Kudos to you for not backing down. Don't sell yourself short though. I won out of BN then made the transition to an Open setup so I shot C. I wasn't able to win out of C that year, as a matter fact I stunk up C pretty bad. The following year moved to A for 1 tournament and realized my judging wasn't ready for that, moved back to B and won out. I learned alot more from some of the B shooters that helped me progress. You may be surprised at how well you do.


----------



## shooter74 (Jul 7, 2005)

all u got to do is step up stop crying and shoot your bow.


----------



## reylamb (Feb 5, 2003)

Babyk said:


> The Good - ASA is by far the best show around when it comes the way they run there event and the extra shoots they have like the SIMS and Team Shoot
> 
> The Bad - Seems the payouts dont quite add up to the 70% rumoured to be paid back to the shooters in each class - Just goto there website and look at the pro class payouts - not adding up to 70% when I do my math........maybe am just bad at math
> 
> ...


I am coming up with 70.01% in men's pro, 69.95% in women's pro, 70.02% in senior pro etc,etc,etc.
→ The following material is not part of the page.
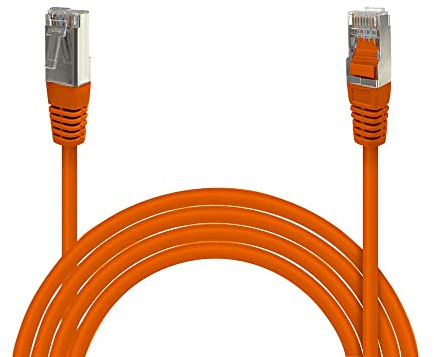 Waytex 33573 Câble Ethernet Réseau RJ45 Cat 6 FTP 250MHz Blindé 100% cuivre - Compatible PC, Imprimante, Box, Routeur, Switch réseau, Consoles de Jeux, TV – 5m, Orange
That is the thing with ASA, kinda hard to hide when the payouts are posted on the site.


----------



## Babyk (Jul 5, 2011)

Thanks for the feedback on this topic.....
Once again I will state I haven been to a IBO and ASA and IBO shoots seem like the ghettos shoots compaired to ASA
ASA is by fair the better of the two just kinda got a sour taste in my mouth after attendeing KY and IL about shooting in the OPen C class is all. My skills are not at the level where I can move at this time. Heck right now the 40yd maxs is killing me. 
As for the pro/am I didn't say everytime I said I have heard from guys in my groups in Open C that they have been treated that way before. 
I am sorry if I ruffled any feathers here on this topic just new to the game and wanted to get feedback

I will say this that I really enjoy attending the ASA shoots the vendors the people the mckenzie targets it's a great time


----------



## Daniel Boone (May 31, 2002)

Babyk said:


> Thanks for the feedback on this topic.....
> Once again I will state I haven been to a IBO and ASA and IBO shoots seem like the ghettos shoots compaired to ASA
> ASA is by fair the better of the two just kinda got a sour taste in my mouth after attendeing KY and IL about shooting in the OPen C class is all. My skills are not at the level where I can move at this time. Heck right now the 40yd maxs is killing me.
> As for the pro/am I didn't say everytime I said I have heard from guys in my groups in Open C that they have been treated that way before.
> ...


I really hate to hear anyone would treat an open c shooter differently on the team shoots. That should be a funtime for everyone win, lose or draw. Open C shooters should use that team shoot to learn from there pro and not be afraid to ask questions. After years and years of shooting I still ask questions from the pros. Picked Tommy Gomez mind a little this year at Illnois on how he judges. One thing he said ever in doubt add a yard.
DB
DB


----------



## mathews1127 (Mar 15, 2011)

I shoot in the open c class and I never once felt put behind or a pain in anybodys but.


----------



## 1monstertriumph (Aug 17, 2010)

i get harrassed by my buddies for shooting c and aka shooting from the womens stake....lol....and i gave danny evans **** all the time in metropolis about not walking out to their range....the only pro i noticed walk to the range in ky was Chris Hacker


----------